*** INPUT RECORDS ***

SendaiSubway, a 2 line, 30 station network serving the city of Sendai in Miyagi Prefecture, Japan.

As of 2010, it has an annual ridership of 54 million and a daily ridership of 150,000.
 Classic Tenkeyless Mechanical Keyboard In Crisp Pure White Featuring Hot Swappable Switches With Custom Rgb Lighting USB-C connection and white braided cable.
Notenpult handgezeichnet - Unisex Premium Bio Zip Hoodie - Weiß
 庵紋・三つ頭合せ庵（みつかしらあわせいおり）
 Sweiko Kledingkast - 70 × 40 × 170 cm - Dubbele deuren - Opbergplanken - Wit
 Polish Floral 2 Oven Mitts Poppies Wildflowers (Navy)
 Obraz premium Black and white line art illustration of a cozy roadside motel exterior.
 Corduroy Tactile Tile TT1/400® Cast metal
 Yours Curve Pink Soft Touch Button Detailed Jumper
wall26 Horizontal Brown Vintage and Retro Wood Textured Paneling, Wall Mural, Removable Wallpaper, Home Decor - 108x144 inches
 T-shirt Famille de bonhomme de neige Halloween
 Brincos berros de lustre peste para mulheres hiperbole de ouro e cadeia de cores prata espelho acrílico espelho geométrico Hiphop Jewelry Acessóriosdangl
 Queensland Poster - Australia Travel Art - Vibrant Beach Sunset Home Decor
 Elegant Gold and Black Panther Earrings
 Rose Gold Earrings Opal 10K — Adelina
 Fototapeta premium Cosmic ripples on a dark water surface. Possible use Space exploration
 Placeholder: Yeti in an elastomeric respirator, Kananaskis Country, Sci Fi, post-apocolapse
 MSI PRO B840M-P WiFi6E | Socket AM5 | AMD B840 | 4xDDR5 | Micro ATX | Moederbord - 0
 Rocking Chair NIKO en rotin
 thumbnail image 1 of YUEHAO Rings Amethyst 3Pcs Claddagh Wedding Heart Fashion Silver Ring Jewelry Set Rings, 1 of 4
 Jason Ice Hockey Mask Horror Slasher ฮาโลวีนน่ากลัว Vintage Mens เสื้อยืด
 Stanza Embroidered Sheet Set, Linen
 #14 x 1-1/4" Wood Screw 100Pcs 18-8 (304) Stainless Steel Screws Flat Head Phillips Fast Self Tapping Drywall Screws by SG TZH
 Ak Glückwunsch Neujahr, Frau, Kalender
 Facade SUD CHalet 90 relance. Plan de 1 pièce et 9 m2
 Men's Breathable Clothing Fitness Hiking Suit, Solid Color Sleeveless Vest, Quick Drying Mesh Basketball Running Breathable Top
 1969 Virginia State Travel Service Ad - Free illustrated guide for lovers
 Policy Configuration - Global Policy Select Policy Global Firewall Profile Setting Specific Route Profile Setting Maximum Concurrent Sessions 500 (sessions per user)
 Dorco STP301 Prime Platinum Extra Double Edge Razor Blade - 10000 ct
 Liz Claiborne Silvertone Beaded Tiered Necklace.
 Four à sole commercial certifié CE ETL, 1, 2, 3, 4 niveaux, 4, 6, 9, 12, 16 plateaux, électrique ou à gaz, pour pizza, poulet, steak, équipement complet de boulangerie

*** End of INPUT RECORDS ***

TASK OBJECTIVE: Transcribe the listing from start to finish, exactly as given.

PROBLEM SOLUTION:
SendaiSubway, a 2 line, 30 station network serving the city of Sendai in Miyagi Prefecture, Japan.

As of 2010, it has an annual ridership of 54 million and a daily ridership of 150,000.
 Classic Tenkeyless Mechanical Keyboard In Crisp Pure White Featuring Hot Swappable Switches With Custom Rgb Lighting USB-C connection and white braided cable.
Notenpult handgezeichnet - Unisex Premium Bio Zip Hoodie - Weiß
 庵紋・三つ頭合せ庵（みつかしらあわせいおり）
 Sweiko Kledingkast - 70 × 40 × 170 cm - Dubbele deuren - Opbergplanken - Wit
 Polish Floral 2 Oven Mitts Poppies Wildflowers (Navy)
 Obraz premium Black and white line art illustration of a cozy roadside motel exterior.
 Corduroy Tactile Tile TT1/400® Cast metal
 Yours Curve Pink Soft Touch Button Detailed Jumper
wall26 Horizontal Brown Vintage and Retro Wood Textured Paneling, Wall Mural, Removable Wallpaper, Home Decor - 108x144 inches
 T-shirt Famille de bonhomme de neige Halloween
 Brincos berros de lustre peste para mulheres hiperbole de ouro e cadeia de cores prata espelho acrílico espelho geométrico Hiphop Jewelry Acessóriosdangl
 Queensland Poster - Australia Travel Art - Vibrant Beach Sunset Home Decor
 Elegant Gold and Black Panther Earrings
 Rose Gold Earrings Opal 10K — Adelina
 Fototapeta premium Cosmic ripples on a dark water surface. Possible use Space exploration
 Placeholder: Yeti in an elastomeric respirator, Kananaskis Country, Sci Fi, post-apocolapse
 MSI PRO B840M-P WiFi6E | Socket AM5 | AMD B840 | 4xDDR5 | Micro ATX | Moederbord - 0
 Rocking Chair NIKO en rotin
 thumbnail image 1 of YUEHAO Rings Amethyst 3Pcs Claddagh Wedding Heart Fashion Silver Ring Jewelry Set Rings, 1 of 4
 Jason Ice Hockey Mask Horror Slasher ฮาโลวีนน่ากลัว Vintage Mens เสื้อยืด
 Stanza Embroidered Sheet Set, Linen
 #14 x 1-1/4" Wood Screw 100Pcs 18-8 (304) Stainless Steel Screws Flat Head Phillips Fast Self Tapping Drywall Screws by SG TZH
 Ak Glückwunsch Neujahr, Frau, Kalender
 Facade SUD CHalet 90 relance. Plan de 1 pièce et 9 m2
 Men's Breathable Clothing Fitness Hiking Suit, Solid Color Sleeveless Vest, Quick Drying Mesh Basketball Running Breathable Top
 1969 Virginia State Travel Service Ad - Free illustrated guide for lovers
 Policy Configuration - Global Policy Select Policy Global Firewall Profile Setting Specific Route Profile Setting Maximum Concurrent Sessions 500 (sessions per user)
 Dorco STP301 Prime Platinum Extra Double Edge Razor Blade - 10000 ct
 Liz Claiborne Silvertone Beaded Tiered Necklace.
 Four à sole commercial certifié CE ETL, 1, 2, 3, 4 niveaux, 4, 6, 9, 12, 16 plateaux, électrique ou à gaz, pour pizza, poulet, steak, équipement complet de boulangerie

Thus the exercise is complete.